One things that does work about the movie is the supporting cast, which is full of familiar faces.  Clint Howard, Don Stroud, Bert Remsen, Jeffrey Dean Morgan, Catherine Hicks, Maria Ford, and Martin Sheen’s brother, Joe Estevez, are all present and accounted for.  Especially be sure to keep an eye out for Jeffrey Combs, playing an FBI agent who suspects that Dillinger may still be alive.  He may not get to do much but he’s still Jeffrey Combs.

A Movie A Day #76: Harry Tracy, Desperado (1982, directed by William A. Graham)


The year is 1902.  The old west is coming to an end.  Almost all of the famous outlaws are either dead or imprisoned.  Only a few, like Harry Tracy (Bruce Dern), continue to make a living by robbing banks and trains.  Though he is often captured and even sentenced to death a few times, Harry is always able to escape.  His latest escape, from a prison in Washington, has led to the largest manhunt in American history.  Harry is being pursued by a trigger-happy army, led by U.S. Marshal Morrie Nathan (played by singer Gordon Lightfoot).  Harry has been in this situation before but this time, things are different.  Harry is traveling with Catherine Tuttle (Helen Shaver), the daughter of a local judge.  Harry and Catherine are in love but that does not matter to the men with the guns.

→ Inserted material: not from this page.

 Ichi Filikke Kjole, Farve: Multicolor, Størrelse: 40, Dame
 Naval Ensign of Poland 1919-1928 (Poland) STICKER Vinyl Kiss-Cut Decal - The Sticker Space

Harry Tracy is a sadly overlooked and elegiac western from Canada.  It is based on a true story.  Outlaw Harry Tracy really did escape from several prisons and he eventually was the target of the largest manhunt in U.S. history.  (His relationship with Catherine was apparently created for the film.)  In real life, Harry was reportedly considered to be more ruthless than Jesse James and he killed not only members of law enforcement but also members of his own gang.  The movie’s Harry is a much more gentle character.  In the film, Harry only kills in self-defense and he robs banks not because he’s greedy but because it’s the only life that he has ever known.  Harry is a relic of a time that it coming to a close.  In one scene, he is shocked to come across a man driving a car.  For an outlaw who usually makes his escape on horseback, the new century does not hold much promise.

In the tradition of Butch Cassidy and the Sundance Kid, Harry Tracy mixes comedy with tragedy.  The film’s defining image is Harry fleeing from his latest robbery and dropping most of the money in the process.  Harry often seems to be bewildered by all the fuss that people are making over him.  Bruce Dern and Helen Shaver are great as Harry and Catherine.  Even the casting of Gordon Lightfoot works.  (Lightfoot also wrote the movie’s theme song.)

Harry Tracy is an overlooked classic about the end of the old west and the beginning of the modern era.